"You've got to learn from your mistakes," said the two-time Masters champion. "You learn from being selfish instead of looking at the bigger picture in life. Obviously, I've made some mistakes, and I'm going to make more mistakes as the years go on, and hopefully, if that's my worst mistake, then I'm doing all right.
"So the guys that wrote articles and my friends that called me out, friends that sent me different quotes, obviously, I look up to them and say thank you, because that's how I'm going to get better. That's how I'm going to get better as a man, better as a husband, better as a dad and, last but not least, better as a golfer."
Watson admitted that it was a mistake not to compete in the long-drive contest, once a pre-tournament staple at the PGA that was restored this year.
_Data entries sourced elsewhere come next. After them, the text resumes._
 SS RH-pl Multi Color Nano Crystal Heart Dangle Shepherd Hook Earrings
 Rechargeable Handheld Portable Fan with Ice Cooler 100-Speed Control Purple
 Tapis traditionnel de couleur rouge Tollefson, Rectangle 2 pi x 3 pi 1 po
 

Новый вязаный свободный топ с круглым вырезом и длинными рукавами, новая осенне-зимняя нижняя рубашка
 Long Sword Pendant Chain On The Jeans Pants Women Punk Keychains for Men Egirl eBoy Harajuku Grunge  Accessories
Watson, 35, complained that the long drive interfered with his practice, despite the fact that he annually plays in the Par 3 tournament at the Masters.
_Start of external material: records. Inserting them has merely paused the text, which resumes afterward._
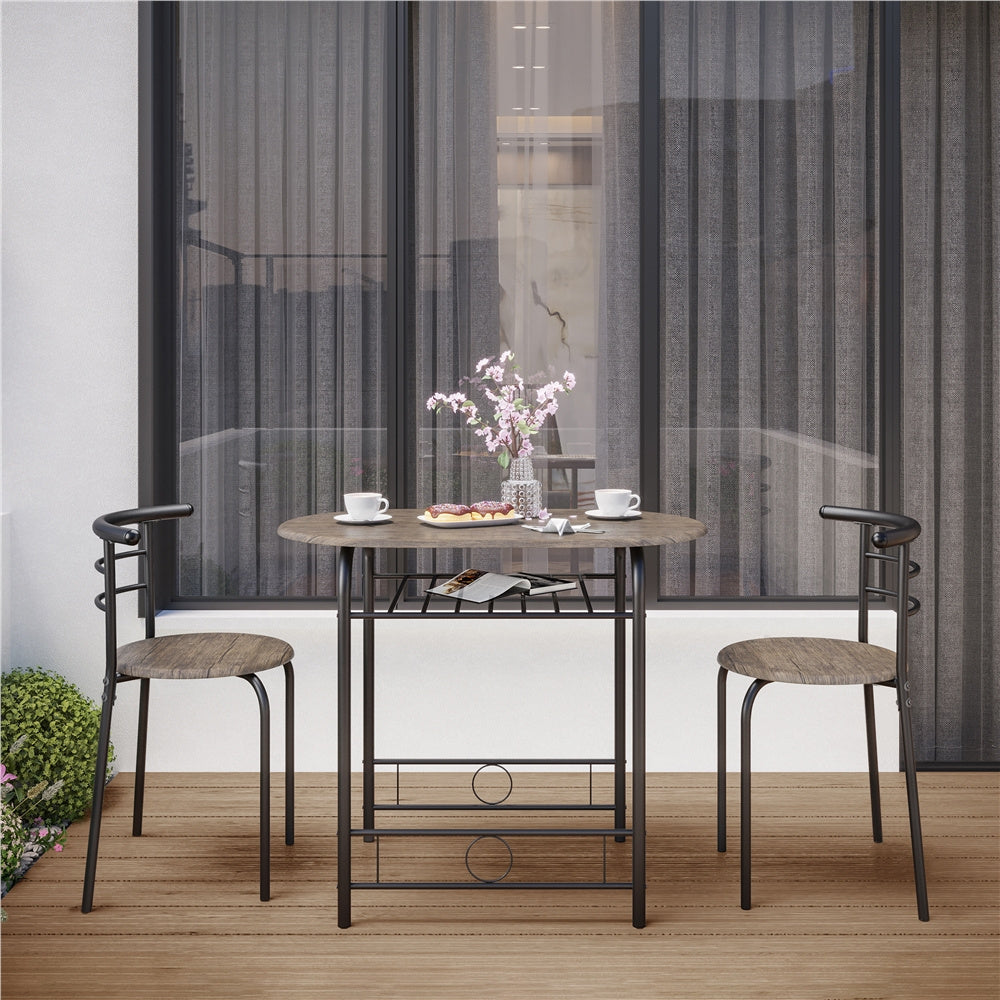Costoffs Modern Round Dining Table and Chairs Set for 2 with Steel Legs & Storage Rack, Space-Saving Design for Kitchens, Apartments, Dorm Rooms, and Small Spaces,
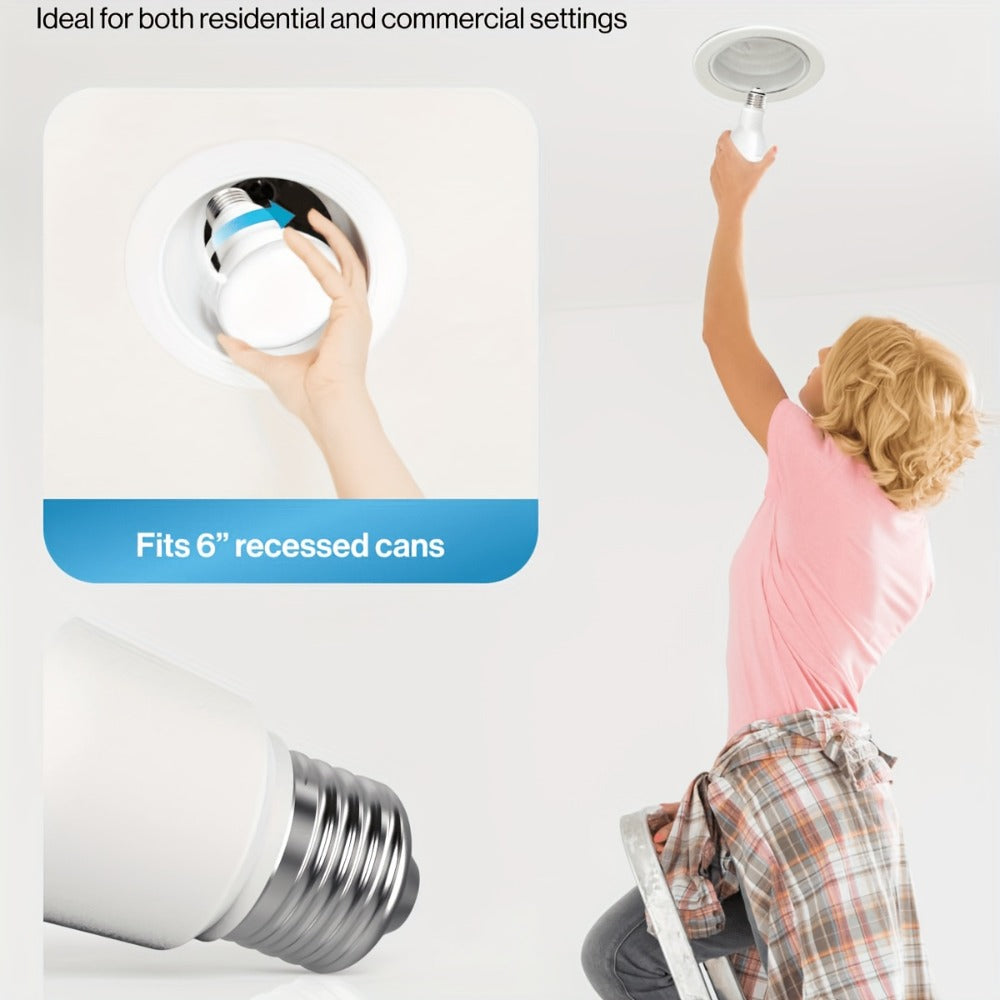 BR30 LED Flood Light Bulbs Dimmable 9W = 65W Equivalent 800 Lumens E26 Base CRI 80+ Recessed Light Bulbs for Ceiling Kitchen ¨C 2700K Soft White or 5000K Daylight ¨C Available in 6-Pack & 24-Pack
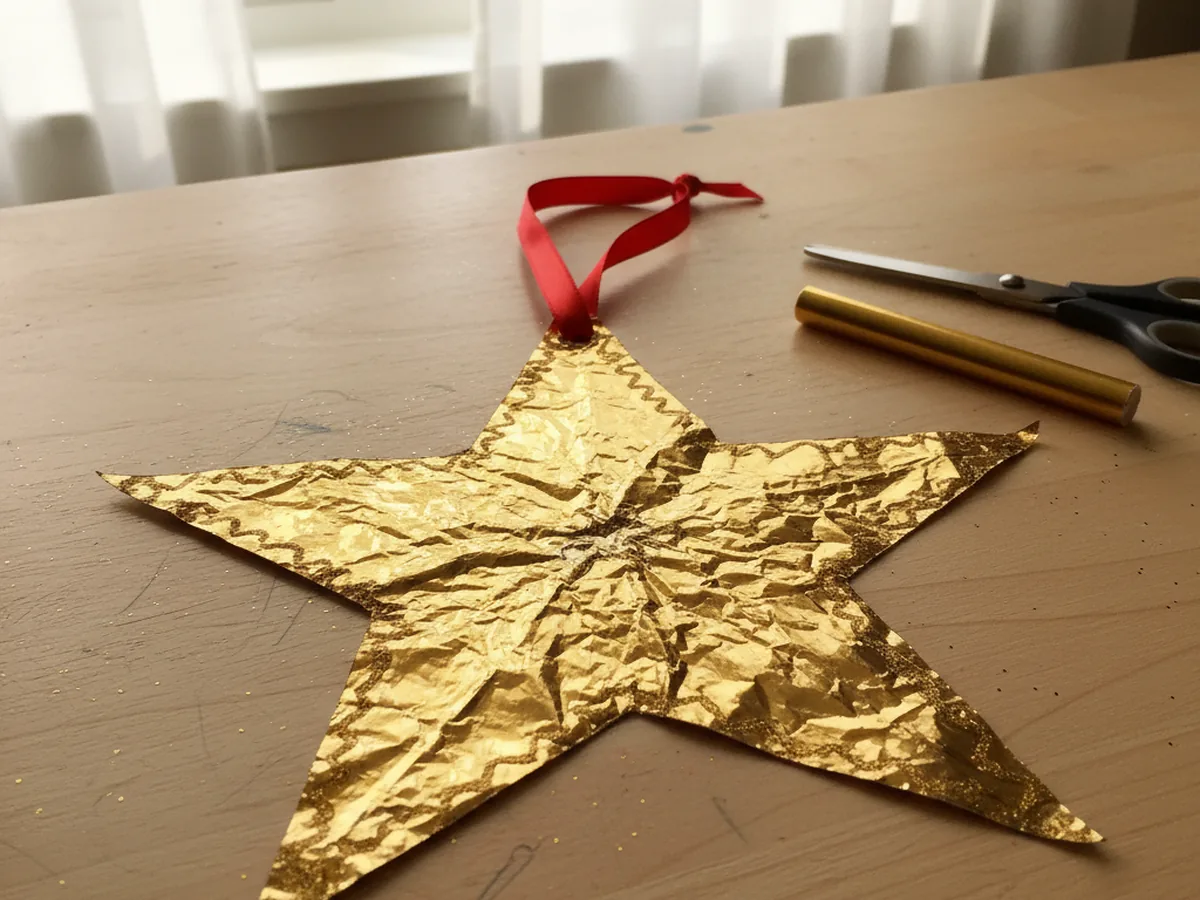 Large gold construction paper Christmas star with metallic marker edges and a ribbon loop for hanging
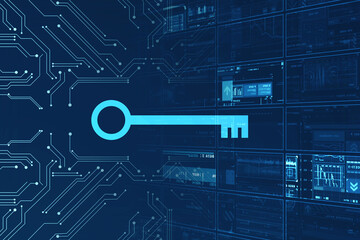 2d illustration digital abstract technology digital future cyber security key
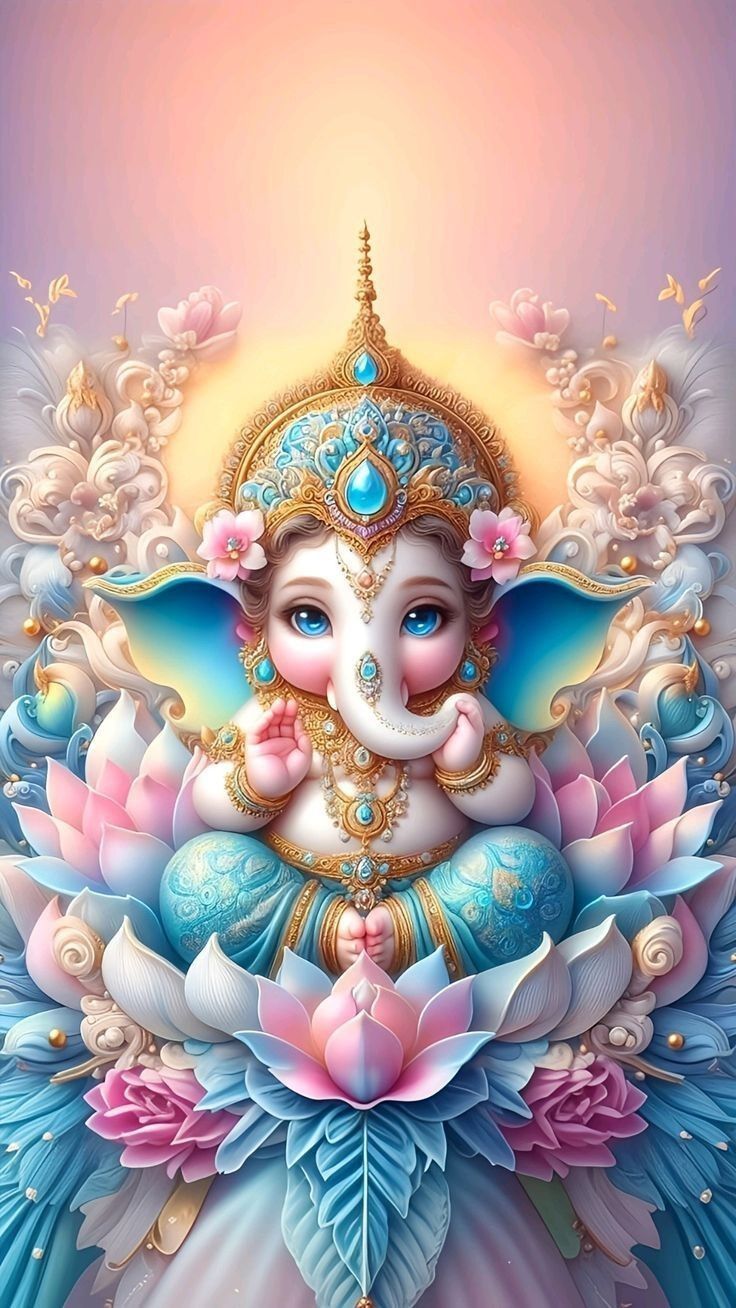 Smiling Ganesha amidst lotus flowers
"When you look at just me as an individual, that was the selfish part, because I didn't agree with it, but there's a lot of things that I don't agree with that I do," Watson said.
Watson also apologized for complaining aloud during the second round at Valhalla about water on his driver face.
"It's all childish stuff and trying to mature and become a better man," he said. "Obviously, I take it on the chin. It was my fault. Everything's my fault, and I should be bigger and stronger and better than that."